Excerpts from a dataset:

========================================

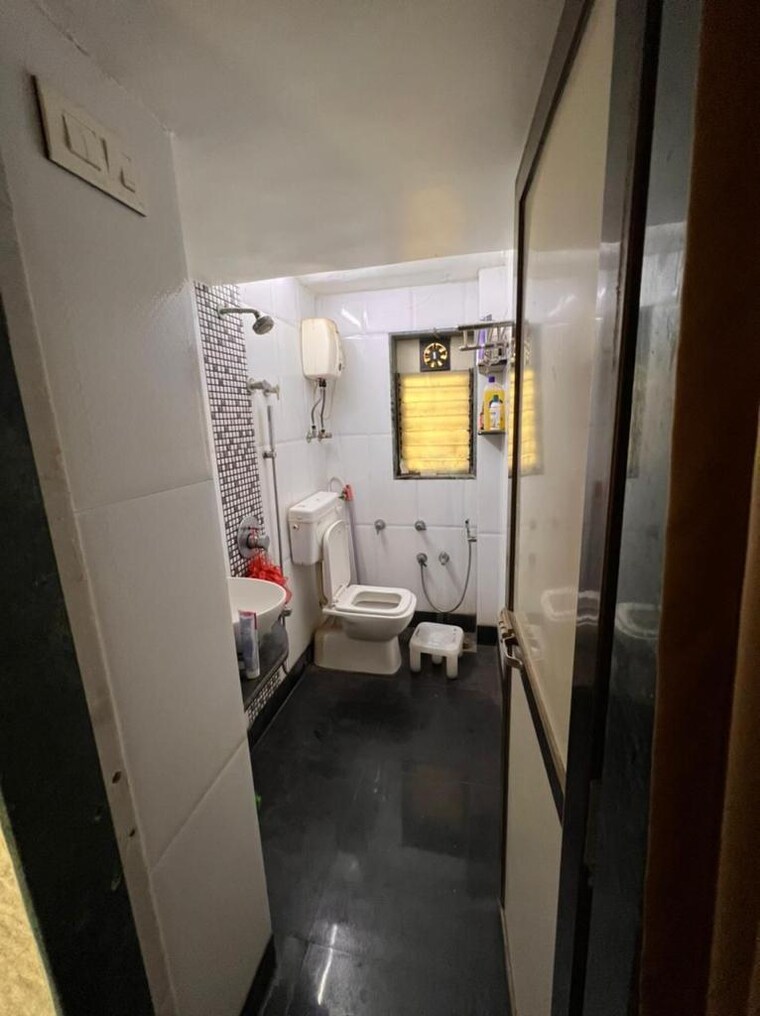 Master Bedroom, sai-nagar-seva-chs 2 Bedroom 560 Sq.Ft. Apartment In Andheri West Mumbai 9642200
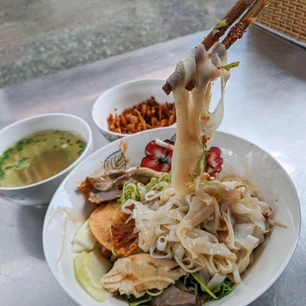 Phở chua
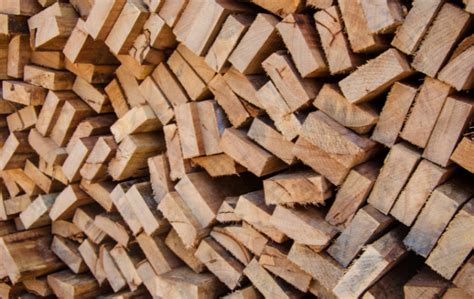 beginners guide  pine wood properties types   timber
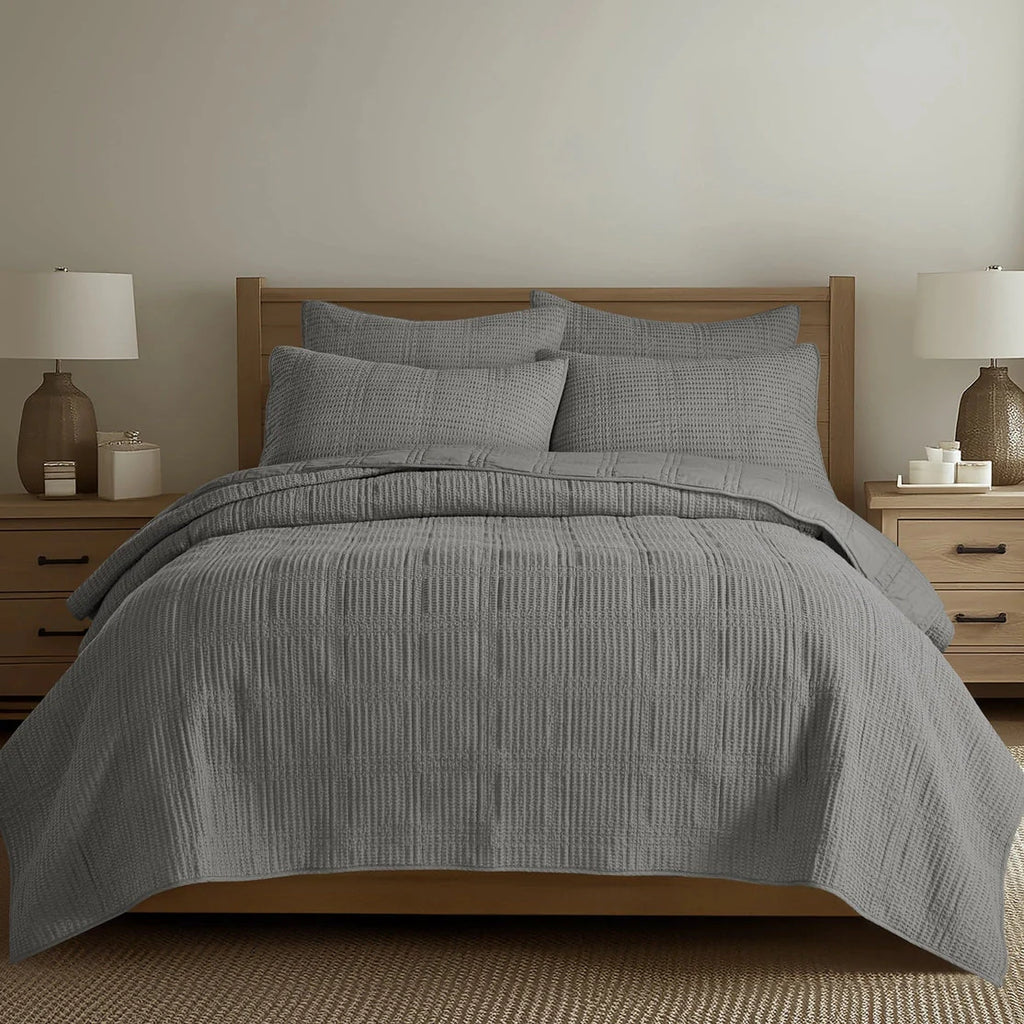 Cloud Waffle Reversible Cotton Quilt Set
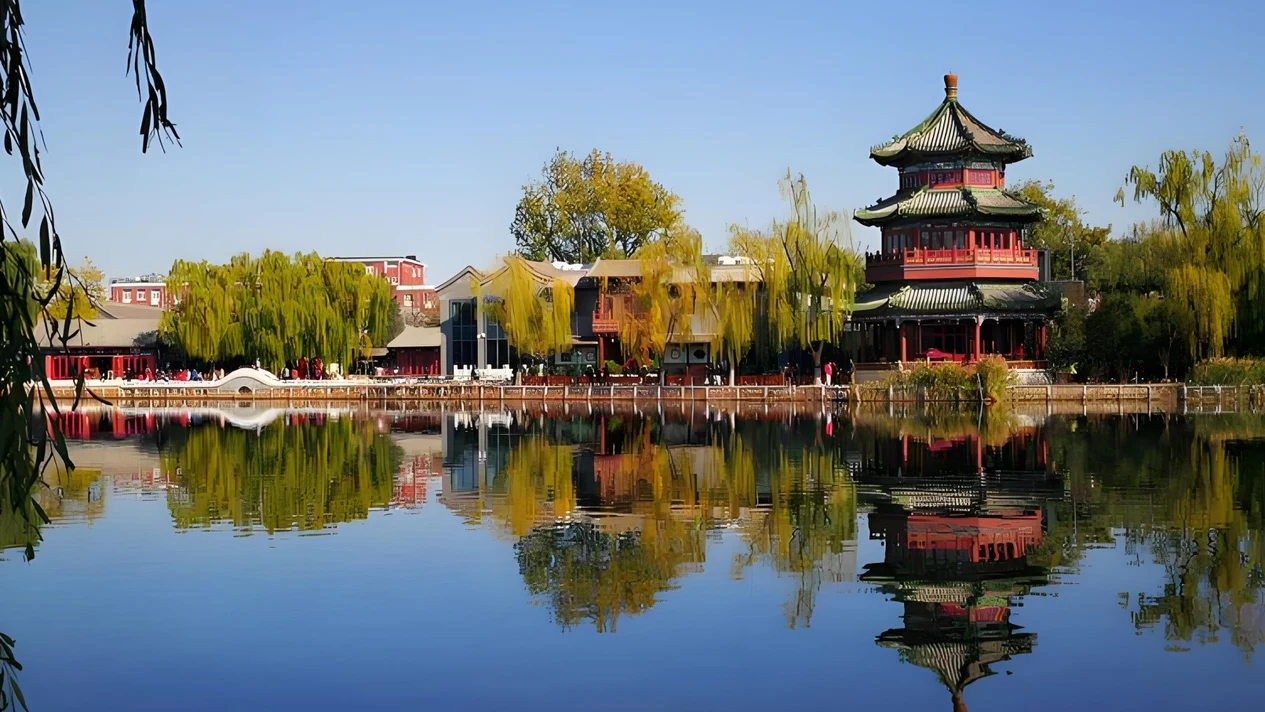 Beijing Nanluoguxiang + Drum Tower + Shichahai Half-Day Tour (English Guide, Optional Night Tour, Rickshaw Experience)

========================================

EXERCISE:
Drop the pictures and reproduce the rest of the entries above exactly.

OUTPUT OF THE EXERCISE:
 Master Bedroom, sai-nagar-seva-chs 2 Bedroom 560 Sq.Ft. Apartment In Andheri West Mumbai 9642200
 Phở chua
 beginners guide  pine wood properties types   timber
 Cloud Waffle Reversible Cotton Quilt Set
 Beijing Nanluoguxiang + Drum Tower + Shichahai Half-Day Tour (English Guide, Optional Night Tour, Rickshaw Experience)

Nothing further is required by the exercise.